_Work request_
Reproduce exactly the lines from the start of the records through the line containing "技術(shù)分享 | ANSYS", both included. Leave the pictures out.

_The input_
□ □ □ □
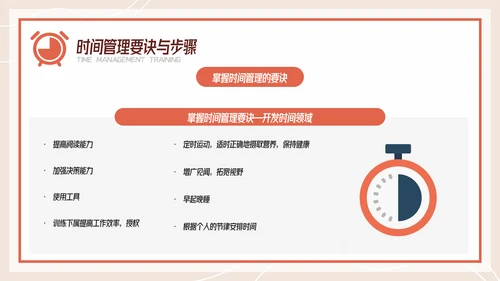 扁平风有效的时间管理企业培训PPT模板
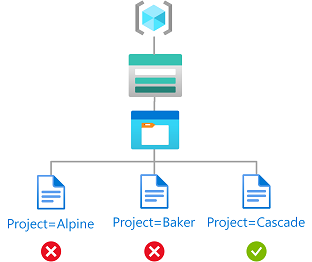 图表显示对具有 Project=Cascade 标记的 Blob 的读取访问权限。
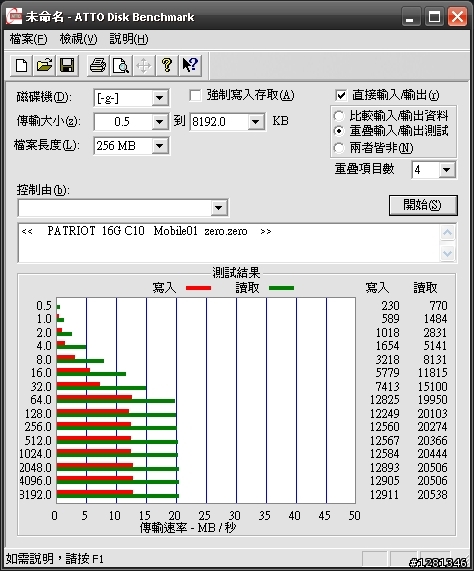 不負責任的多家記憶卡測試圖~僅供參考!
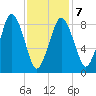 Crow Point tide chart for Saturday, February 7, 2026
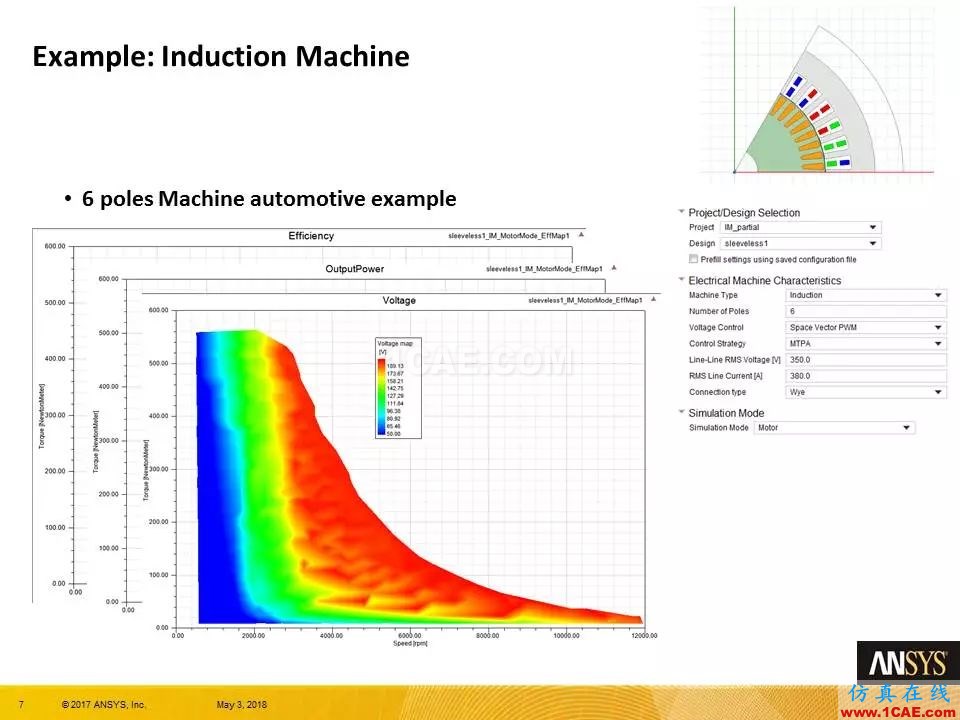 技術(shù)分享 | ANSYS 19.0 Maxwell 新功能亮點Maxwell學習資料圖片6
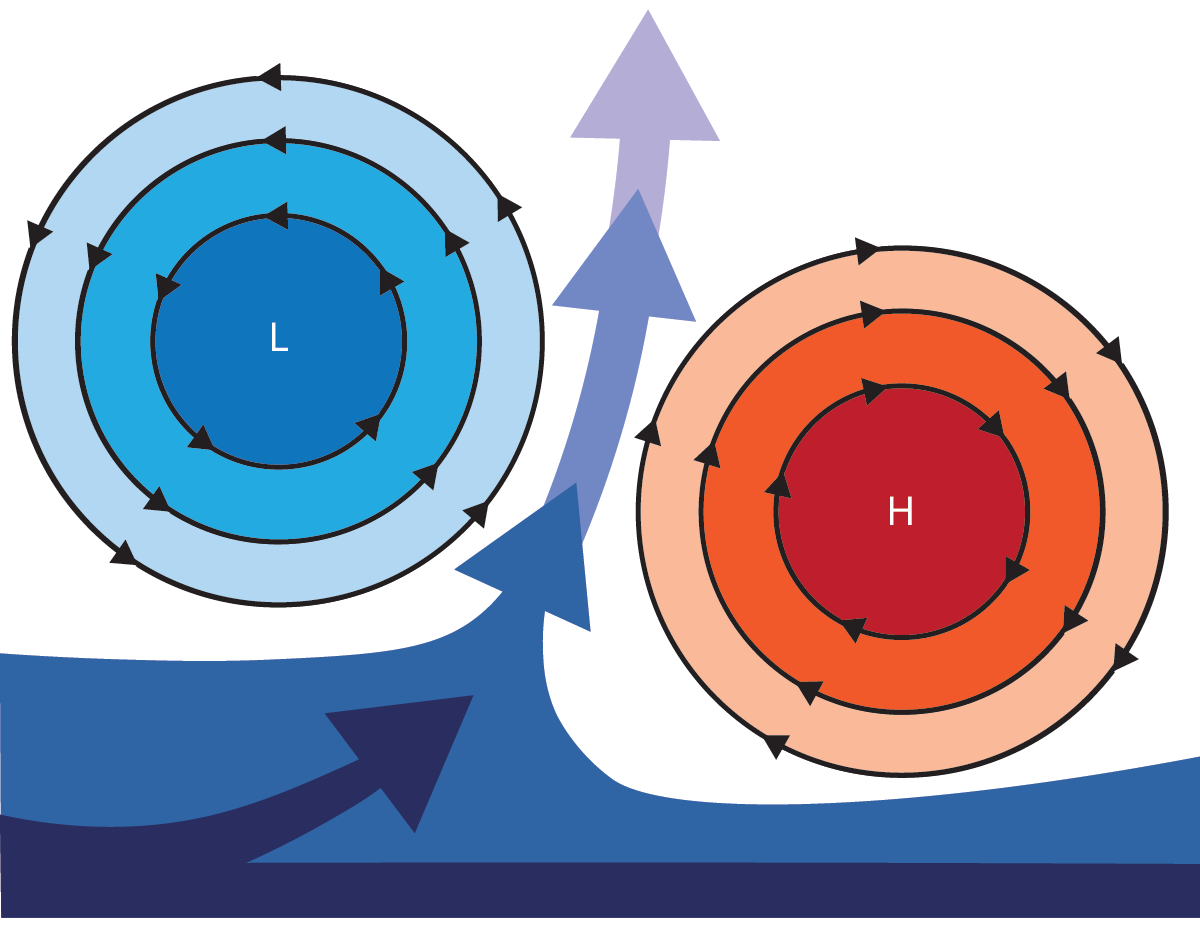 On the left, three concentric circles labeled with counterclockwise arrows are filled with shades of blue and labeled with an L at the center. On the right, three concentric circles labeled with clockwise arrows are filled with shades of red and labeled with an H at the center. A dark blue arrow extends from the bottom of the figure and points between the circles. From that arrow, a stack of three more arrows of increasingly light shades of blue extends up and between the circles.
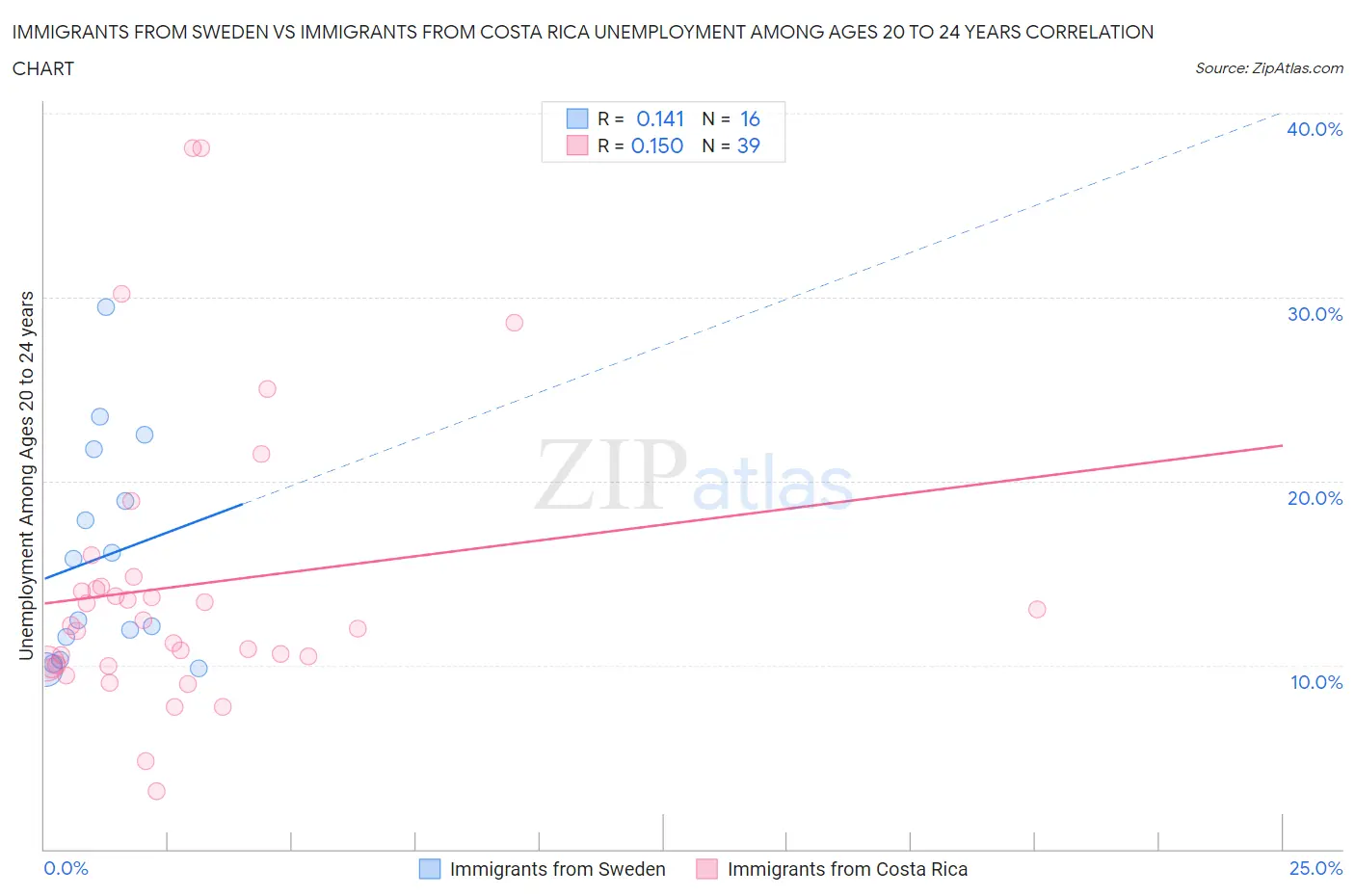 Immigrants from Sweden vs Immigrants from Costa Rica Unemployment Among Ages 20 to 24 years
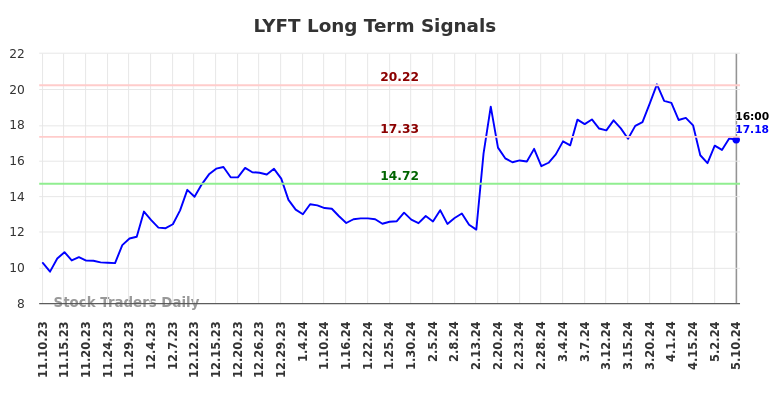 LYFT Long Term Analysis for May 12 2024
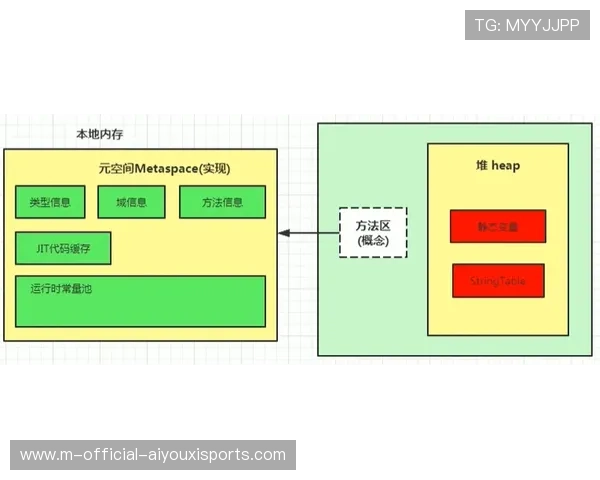 当前运营周期内多地运营方探索联名模式 带动区域间赛事粉丝的规模流动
□ □ □ □
_Answer section_
 扁平风有效的时间管理企业培训PPT模板
 图表显示对具有 Project=Cascade 标记的 Blob 的读取访问权限。
 不負責任的多家記憶卡測試圖~僅供參考!
 Crow Point tide chart for Saturday, February 7, 2026
 技術(shù)分享 | ANSYS 19.0 Maxwell 新功能亮點Maxwell學習資料圖片6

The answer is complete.